Teologi veri

Pubblicato il 06-06-2021

di Flaminia Morandi

Quando pensiamo ai Padri della Chiesa, ci immaginiamo degli avatar lontani, inarrivabili. I Padri Cappadoci, per esempio. Basilio il Grande, fautore della vita in comunità, fondatore delle prime città della carità con accoglienze, foresterie e lebbrosari, era uno che andava al sodo: «Che significa essere cristiani? Amarsi gli uni gli altri come il Signore ci ha amati. Avere il Signore sempre presente davanti agli occhi. Vegliare giorno e notte per accogliere l'imprevisto, perché il Signore viene quando meno si pensa». (Sì all'amore, Presenza, Imprevisto accolto: ma non sono i pilastri della Regola del Sì?). Basilio non ha avuto vita facile: gli è toccato anche essere sospettato di eresia. Si sfoga scrivendo ad un amico: «La depressione è la causa principale del mio cattivo stato di salute. I miei malesseri vengono dalle troppe pene».

Basilio era amicissimo di Gregorio di Nazianzo, anche lui della Cappadocia, oggi una regione della Turchia. Due tipi diversissimi. Basilio contemplativo, riservato, attento amministratore. Gregorio poeta innamorato di Dio, sempre in fuga davanti alle cariche, cent'anni dopo la sua morte chiamato "il teologo", ma nel significato che aveva nel IV-V secolo: non "scienziato" (?) delle cose di Dio, ma uno che sa vedere la realtà con uno sguardo purificato e testimonia Dio con la santità della vita. Un amante del silenzio: «Ah, fratelli! Voi non conoscete quel dono divino che è il silenzio: che privilegio non essere costretti ad insegnare!» Eppure, senza volerlo, è stato il maestro di Massimo il Confessore, Diadoco di Fotica, Agostino, Girolamo, Francesco di Sales, Newman. Spontaneo, vivace.
Dalla parte delle donne: «Perché la donna adultera deve essere punita mentre l'uomo infedele non deve rendere conto a nessuno? Non posso accettare una legge simile, né seguire una simile consuetudine».
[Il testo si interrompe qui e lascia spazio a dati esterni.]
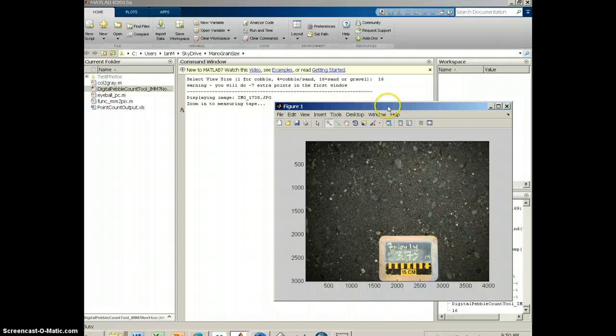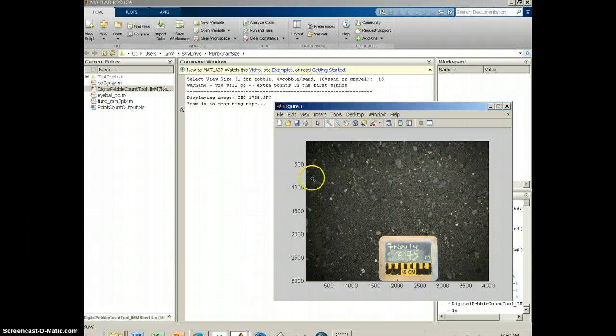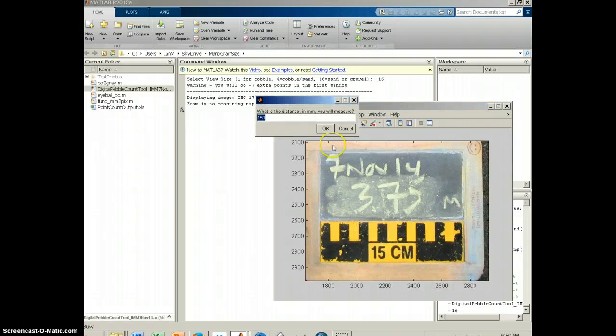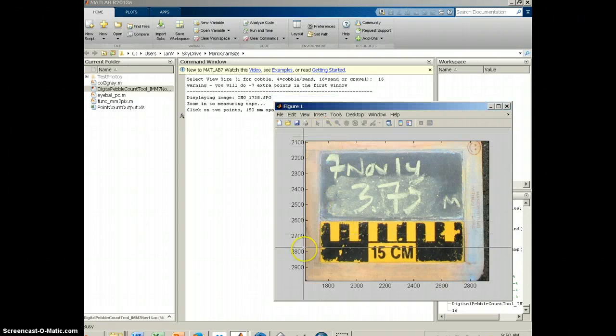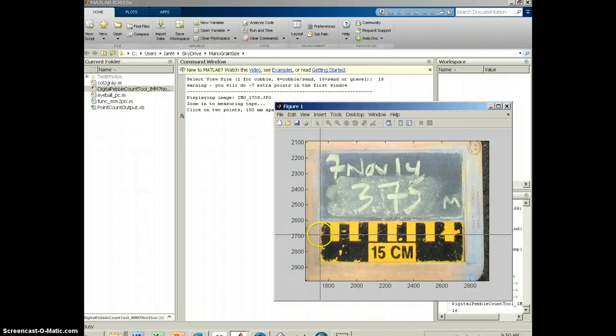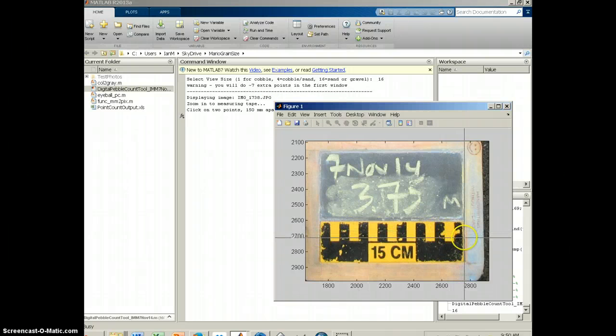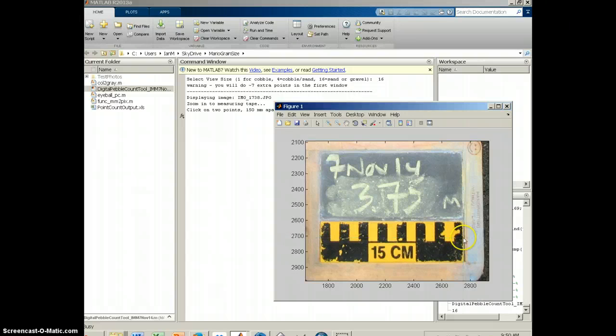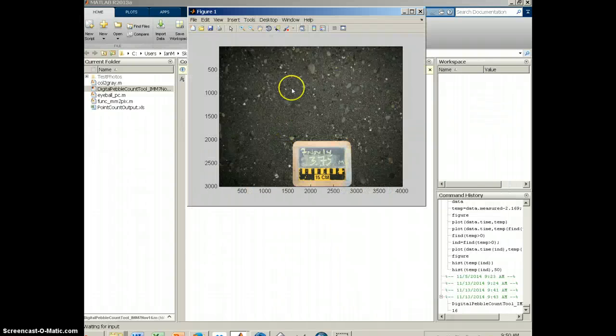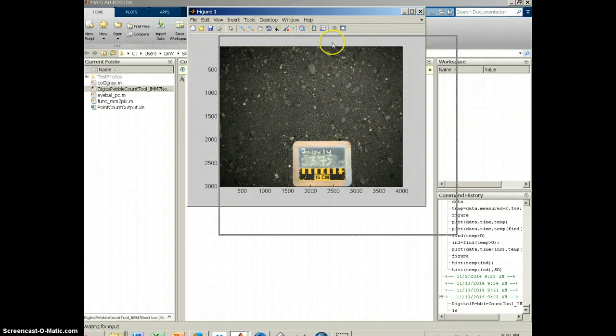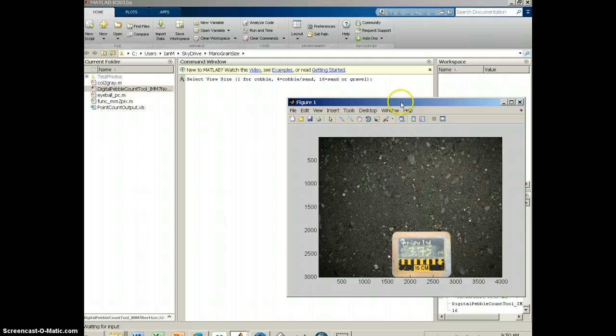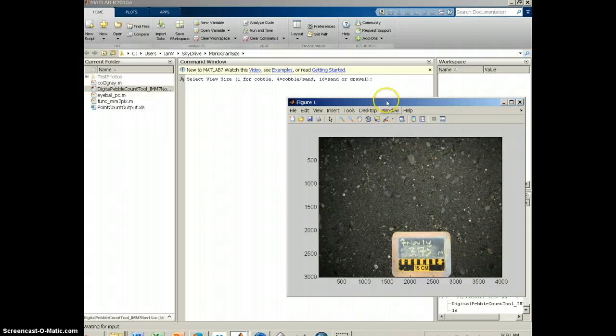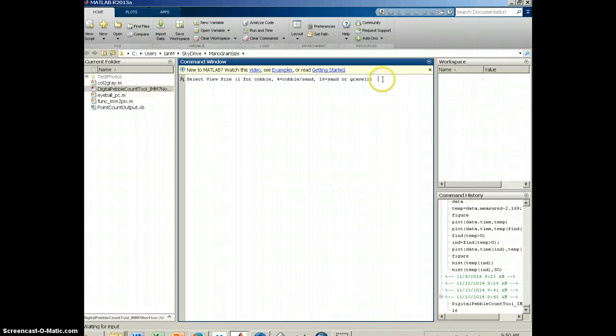And then basically it's just going to go right to the next photo. So again, I'm going to zoom in on the measurement screen. I'm going to say yes, I want to measure 150 millimeters. I'm going to measure that scale bar. In this case, this photo is a mix of sand and gravel, smaller gravel. So I'm going to select 16 again.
Infine c'è l'altro Gregorio, il terzo cappadoce: Gregorio di Nissa, fratello minore di Basilio. Una famiglia di persone speciali, la loro: la nonna paterna Macrina, la madre Emmelia, la sorella Macrina, tutte sante. Era sposato e innamorato teneramente di sua moglie. Contro la sua volontà, il fratello l'ha voluto vescovo. Scrittore in età matura e pensatore forse più profondo degli altri due. Il mistico della ricerca, dell'ascesi di cui è immagine la salita di Mosè sull'Oreb («Trovare Dio consiste nel cercarlo senza posa. Cercare non è diverso dal trovare»; «il frutto della ricerca è la stessa ricerca; la vera perfezione non si raggiunge mai, essa ha un solo limite: quello di non averne alcuno»; «la santità è opera di Cristo»). A lui, sposato, il fratello Basilio, che peraltro lo criticava per la sua ingenuità e inettitudine pratica, chiese di scrivere il manifesto della vita monastica, che doveva ispirare le sue comunità. E trasformò lui, marito innamorato, in guida spirituale dei monaci.

I Padri della Chiesa non sono avatar, né tantomeno santini. Se guardiamo bene, i Padri sono ancora tra noi. Certo, ci vogliono occhi da teologi per riconoscerli. Da teologi "veri". Non da "scienziati" di Dio. Occhi da innamorati di Dio.